A key issue in software evolution analysis is being able to compute evolutionary change accurately and with rich semantics. This dissertation describes a mathematical framework for enabling accurate computation of semantic evolutionary change. It is based on graphs for representing software semantics, graph transformations for modeling evolution, and effects of graph transformations for capturing evolutionary change.
We formulate the notions of evolution sets and the evolution distance to measure evolutionary change. Then, we define an appropriate notion of optimal graph alignment to compute evolutionary change accurately. Establishing a rigorous foundation for computing evolutionary change is important for developing powerful automated tools for software evolution analysis. Cost estimation, software merging, reliability analysis, clone detection, incremental testing, validation and other software applications can benefit from precise computation of evolutionary change. A rigorous foundation also allows leveraging the extensive research on graph alignments to advance software engineering.
We have created a framework for experimental evaluation of graph alignment algorithms. The framework includes a graph testbed, an accuracy metric, and a graph alignment visualization (GAV) mechanism. The framework is targeted at applications where a precise computation of evolutionary change from one system to the next is needed to reveal valuable knowledge about the system and its evolution. The accuracy metric is based on a new measure for graph difference and a new notion of optimality of graph alignment. The metric is designed to measure the degree to which an alignment is inaccurate, that is the degree to which it reports spurious differences. Such a metric is meaningful for estimating the efficiency of and resources necessary for many software evolution analyses.

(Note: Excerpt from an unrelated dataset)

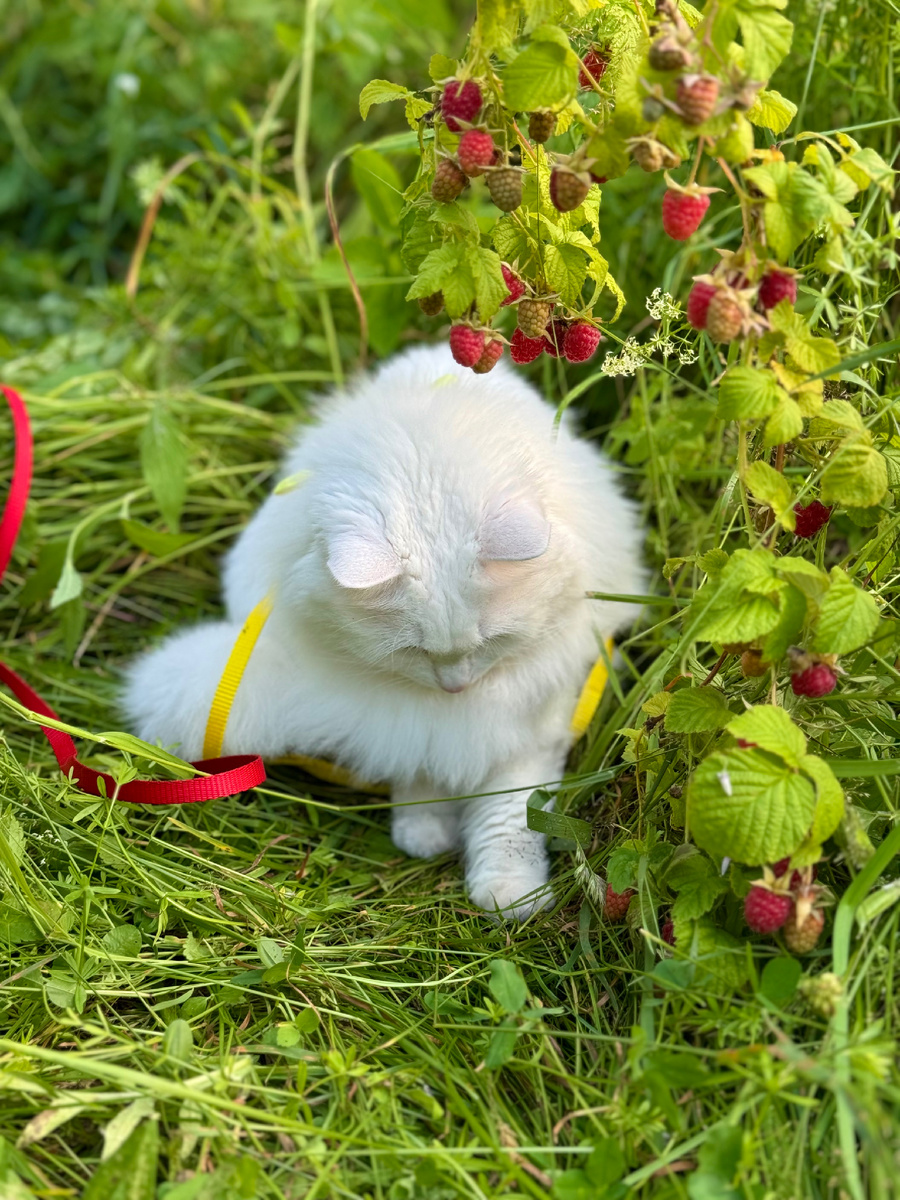 Рози на малиновых тропках🍓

The Minimal Signature Tree (MST) is introduced as a new data structure that can be constructed for a graph G and can be used to design efficient heuristic graph analysis algorithms. The graphs are assumed to be attributed, directed, and acyclic.

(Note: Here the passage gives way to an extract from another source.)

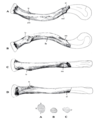 Sinanthropus clavicle.png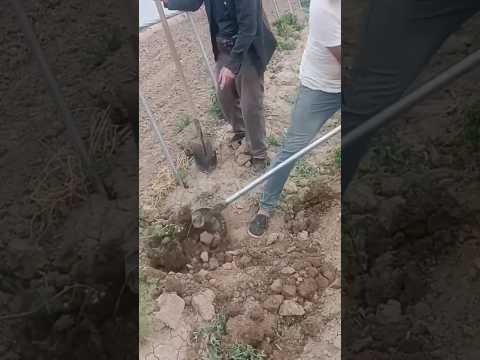 #shorts #agriculture #farming2024 #satisfying #machine #shot #EliteShortsUnleashed #4717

The MST is a rooted tree that stores the minimal signatures which are defined to be sequences of labels that describe special subgraphs in G. A minimal signature serves as an artifact to pinpoint a node of G. The MST generalizes the notion of suffix tree from strings to graphs. If the graph G is a string then the MST is homomorphic to the suffix tree. The MST exposes the internal structure of a graph and makes it possible to design efficient algorithms.
A MST-based algorithm for differencing graphs G1 and G2 is presented. This algorithm involves constructing a combined MST, called the Co-MST, that stores minimal signatures that are common to G1 and G2. For each common minimal signature s, the node in G1 and the node in G2 pinpointed by s are aligned. The nodes not covered by common minimal signatures may be further aligned using an existing graph alignment technique.
We present an experimental study which includes a comparison of a MST-based graph differencing algorithm with two other algorithms. The experiments involve large graphs extracted from Linux, synthetic graphs reaching ten thousand nodes, variations of connectivity and the number of distinct labels, and a priori known differences to verify the accuracy of differencing.
|Advisor:||Kothari, Suraj C.|
|Commitee:||Aluru, Srinivas, Basu, Samik, Nguyen, Tien, Tyagi, Akhilesh|
|School:||Iowa State University|
|Department:||Electrical and Computer Engineering|
|School Location:||United States -- Iowa|
|Source:||DAI-B 70/03, Dissertation Abstracts International|
|Keywords:||Cost estimation, Evolution distance, Evolutionary change, Graph difference, Minimal signature trees, Software evolution|
Copyright in each Dissertation and Thesis is retained by the author. All Rights Reserved
The supplemental file or files you are about to download were provided to ProQuest by the author as part of a
dissertation or thesis. The supplemental files are provided "AS IS" without warranty. ProQuest is not responsible for the
content, format or impact on the supplemental file(s) on our system. in some cases, the file type may be unknown or
may be a .exe file. We recommend caution as you open such files.
Copyright of the original materials contained in the supplemental file is retained by the author and your access to the
supplemental files is subject to the ProQuest Terms and Conditions of use.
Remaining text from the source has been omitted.